Problem requirements: From the line that contains "Рисунок 6 - Джинсы" through the line that contains "Případů s Alzheimerovou", output every line of the listing below exactly and leave out all the rest.

Input:
BEGIN

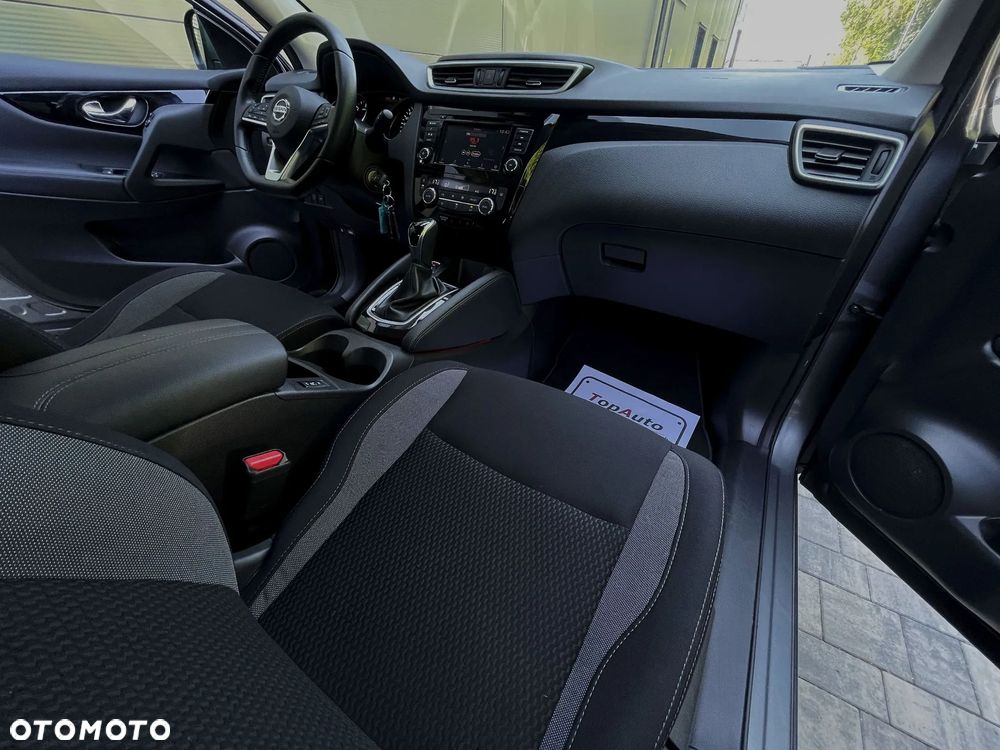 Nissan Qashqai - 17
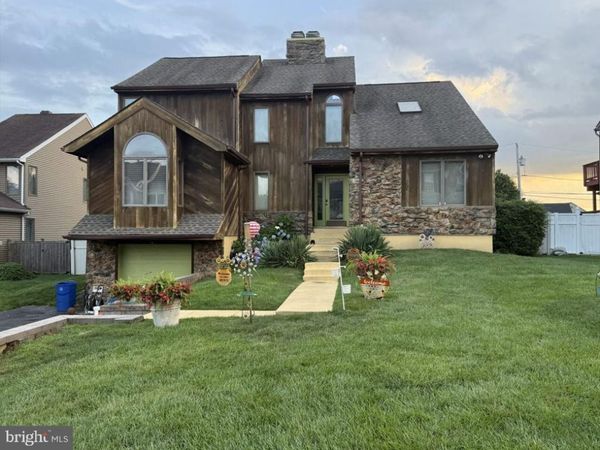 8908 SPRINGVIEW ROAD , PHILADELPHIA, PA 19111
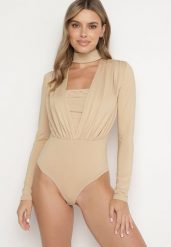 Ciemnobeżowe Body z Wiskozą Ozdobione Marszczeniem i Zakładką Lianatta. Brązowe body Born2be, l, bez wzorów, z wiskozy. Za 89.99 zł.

END
BEGIN

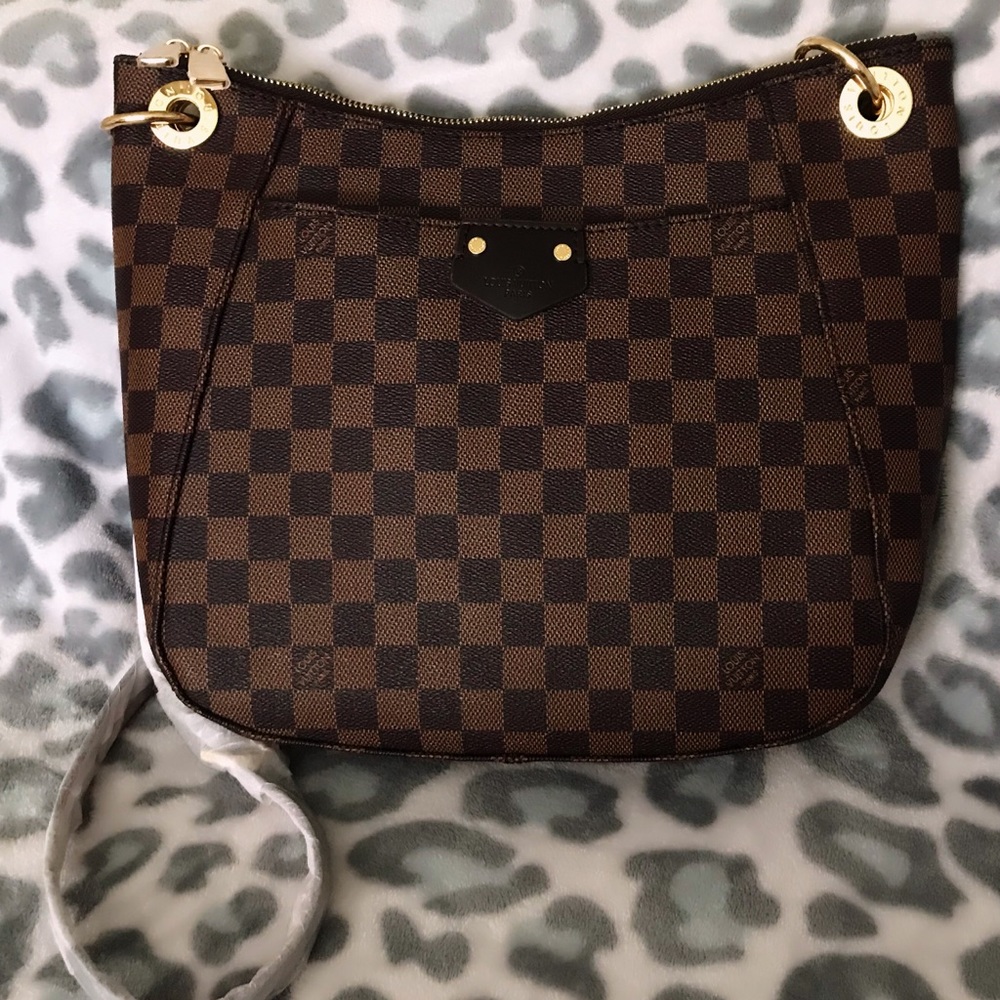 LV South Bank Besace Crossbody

END
BEGIN

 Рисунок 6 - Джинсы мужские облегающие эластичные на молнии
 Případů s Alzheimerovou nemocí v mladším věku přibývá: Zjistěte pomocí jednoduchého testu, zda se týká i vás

END

Answer section:
 Рисунок 6 - Джинсы мужские облегающие эластичные на молнии
 Případů s Alzheimerovou nemocí v mladším věku přibývá: Zjistěte pomocí jednoduchého testu, zda se týká i vás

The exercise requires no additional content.